The nightmares had come before sleep had the chance, but Ada focused on the green ribbon still tied tightly to her bedpost and imagined home. She thought she may have woken once in the early tides of morning, drawn not by the wispy streams of sunlight, but rather from a shadow that crept beneath her doorframe.

Footsteps faltered behind her unlocked door, gossamer threads of darkness filtering through the cracks and weaving around her bed slats. But through the peppered fog that clung to her consciousness, Ada heard the door next to her own softly closing. Though that, too, may have sprung from a realm of dreams as she slipped back to sleep.

Morning came in lazy ebbs, and it was not the sunlight that woke Ada, but Solen's calls from the landing. She rose from bed with stiff limbs and bleary eyes, the starched blankets folding around her legs as she shuffled towards the dresser.

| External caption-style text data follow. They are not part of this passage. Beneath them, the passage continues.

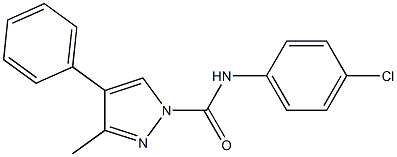 N1-(4-chlorophenyl)-3-methyl-4-phenyl-1H-pyrazole-1-carboxamide|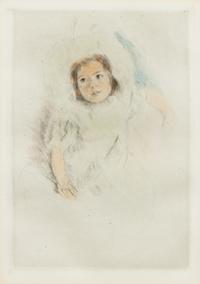 Mary Cassatt, (American, 1844-1926), Margot Wearing A Bonnet (No. 1), c. 1902
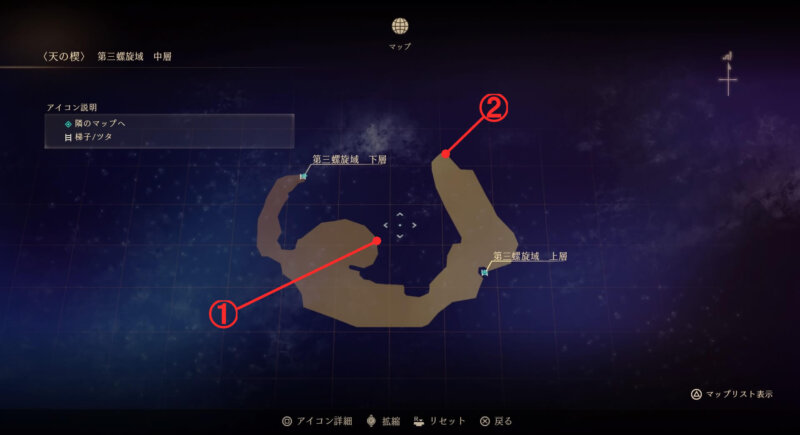 マップ『天の楔：第三螺旋域 中層』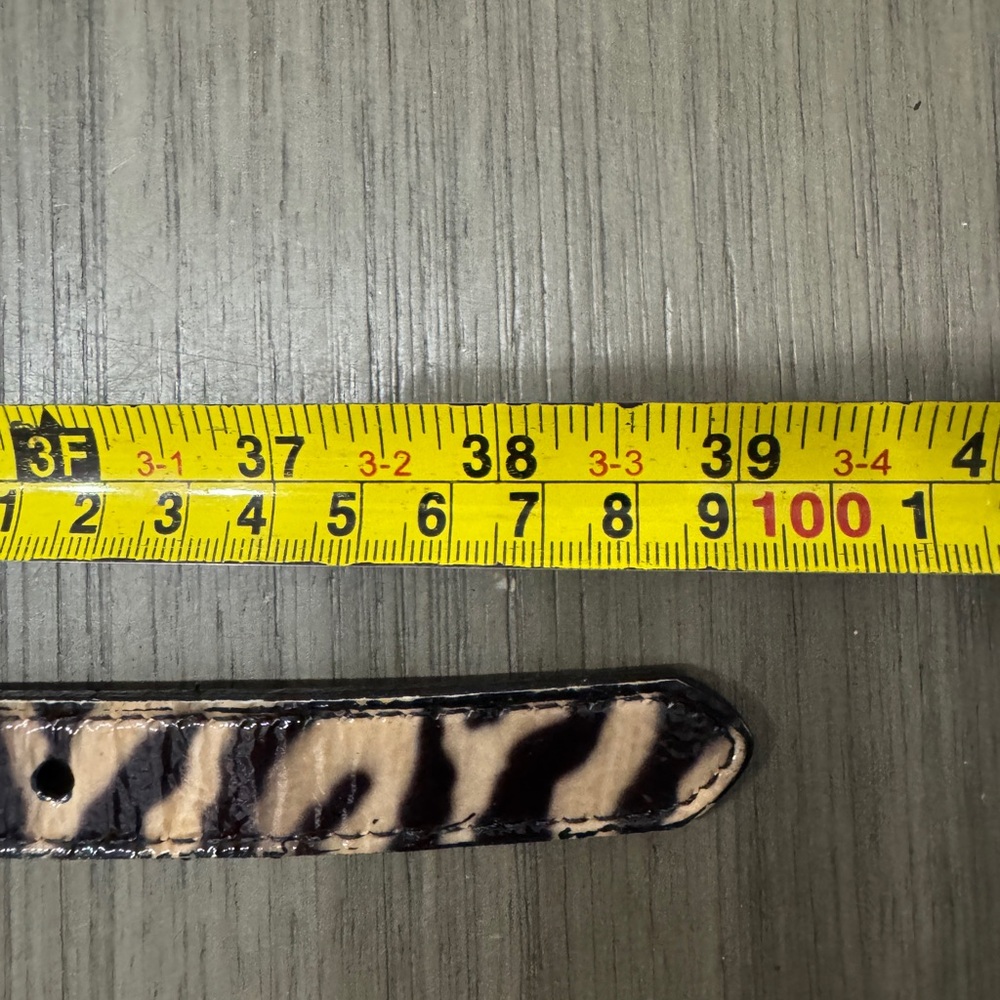 Brighton Black and Tan Leopard Belt with Engraved Silver Buckle - Picture 7 of 7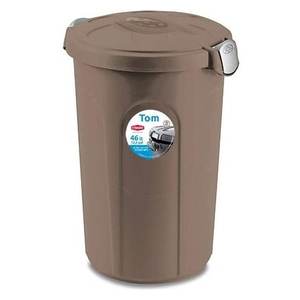 Contenedor de Almacenamiento de Plástico TOM Tortora 70526 Stefanplast (46 Litros) con Tapa de Cierre a Presión - Product Image 1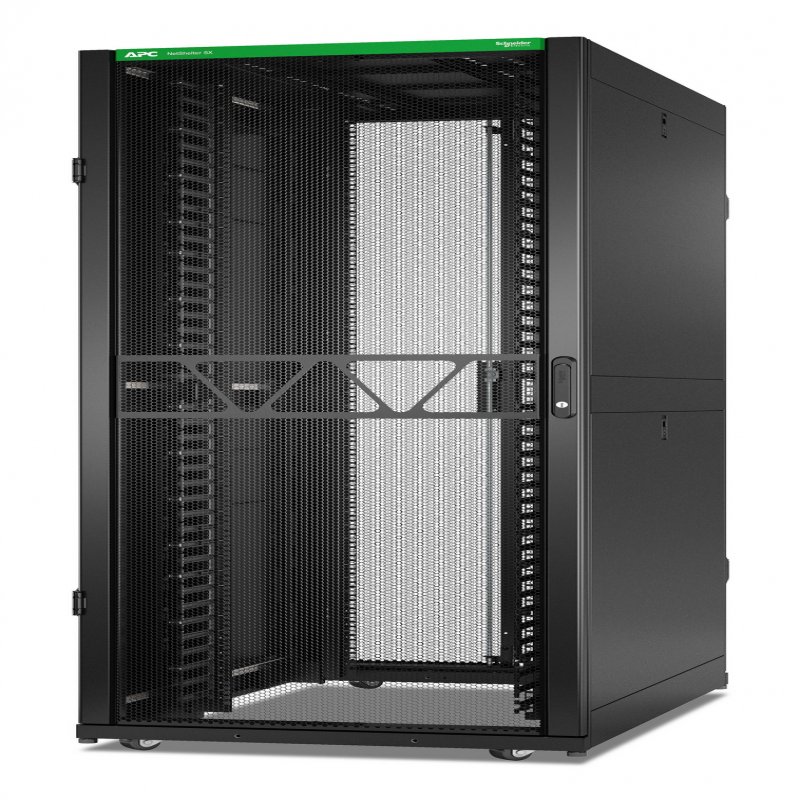 APC NetShelter SX Gen 2 - Rack Cabinet - 1991H X 750W X 1200D Mm, With Sides - Floor-standing - Black - 42U - 19" - TAA Compliant AR3340B2 - C2000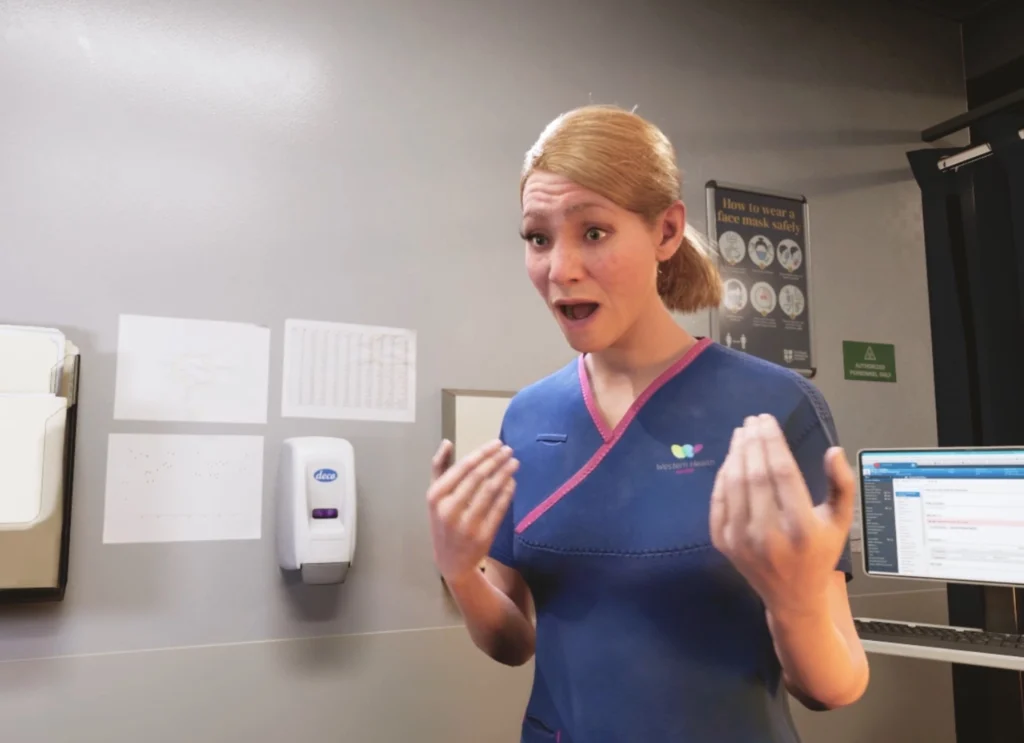 virtual reality training western health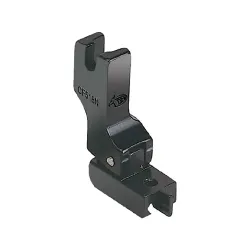 Piciorus din teflon pentru fermoar invizibil, cu ghidaj, masini industriale liniare cu 1 ac, diametru canal 2mm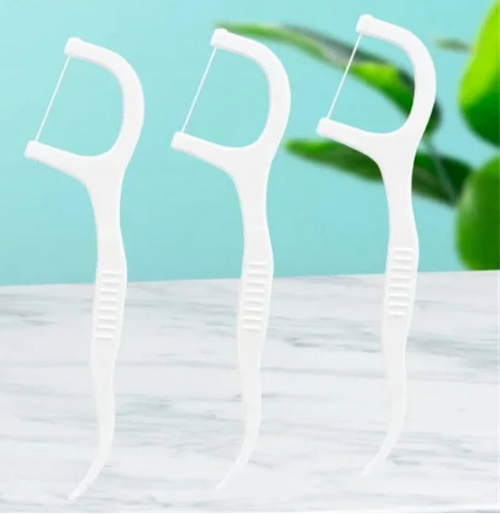 1/2/5/10 caixa portátil descartável fio dental palito de plástico de alta tensão fio dental vara caixa de fio dental ﻿ Cuidados bucais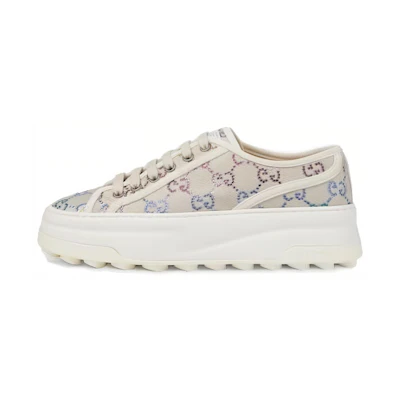 (W) Gucci GG Sneaker 'Off White Crystals'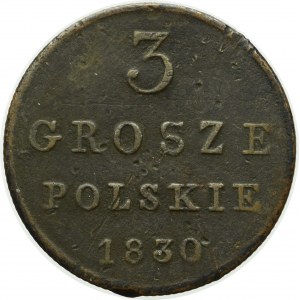 Królestwo Polskie, Mikołaj I, 3 grosze 1830
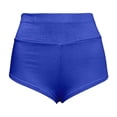 thumbnail image 6 of idosla Women's Cut Out Yoga Shorts Scrunch Booty Hot Pants High Waist Gym Workout Active Butt Lifting Sports Leggings (Blue, S), 6 of 8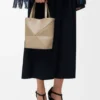 Mini Puzzle Fold Tote in Shiny Calfskin Mini Puzzle Fold Tote in Shiny Calfskin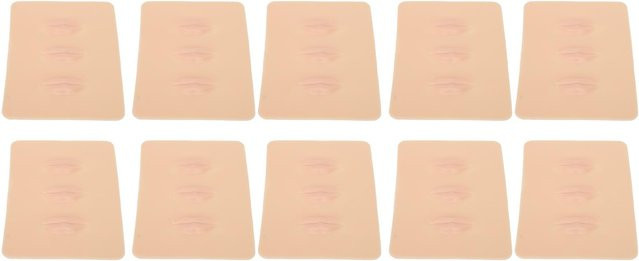 Koogeelife Silikon Praxis Haut für Microblading, 10 Stück, beige - Bild 1
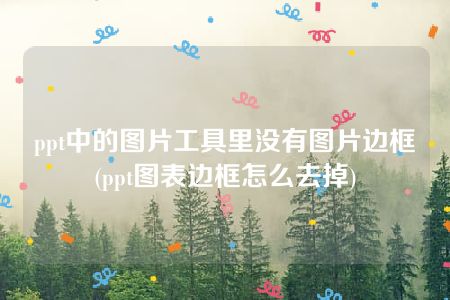 ppt中的图片工具里没有图片边框(ppt图表边框怎么去掉)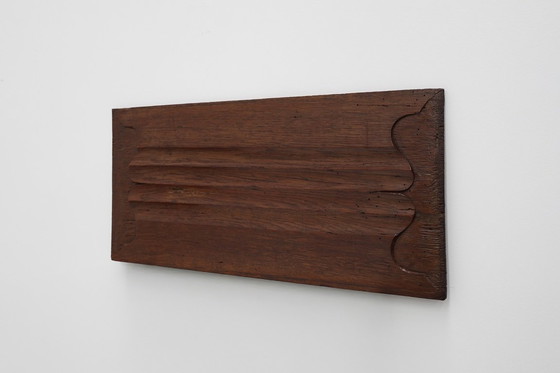 Image 1 of Panel gótico tallado en roble del siglo XVI, Francia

The sun was a buttery wash across her skin, half blinding even when it struggled through the dust-coated window. It skittered across the building opposite her window, thick mortar hardened into bulbous beads between its bricks as if still wet. Ada brushed her hand across the grimy glass, squinting through the window and down between the houses.

A vast jasmine vine ran up the adjacent building, dappled here and there with tiny flowers that caught the sunbeams with pearlescent petals. It grew from a small courtyard that was arranged between the two houses, a makeshift allotment squared off inside it with vegetables jostling for space and overflowing onto worn-down cobbles.

The back door leading out from the taproom was ajar and swinging, but slate steps also led down to another hidden entrance. Ada guessed it to be a cellar door, perhaps leading to a pantry sheltered from each summer's warmth.

She dressed quickly, then draped her cloak around her shoulders before peering out onto the empty landing. She half expected a shadow to still be strung around her doorframe, but there was no sign that anyone had lingered by her room the night before. She cast the thought aside, running fingers through her hair and then heading to the staircase.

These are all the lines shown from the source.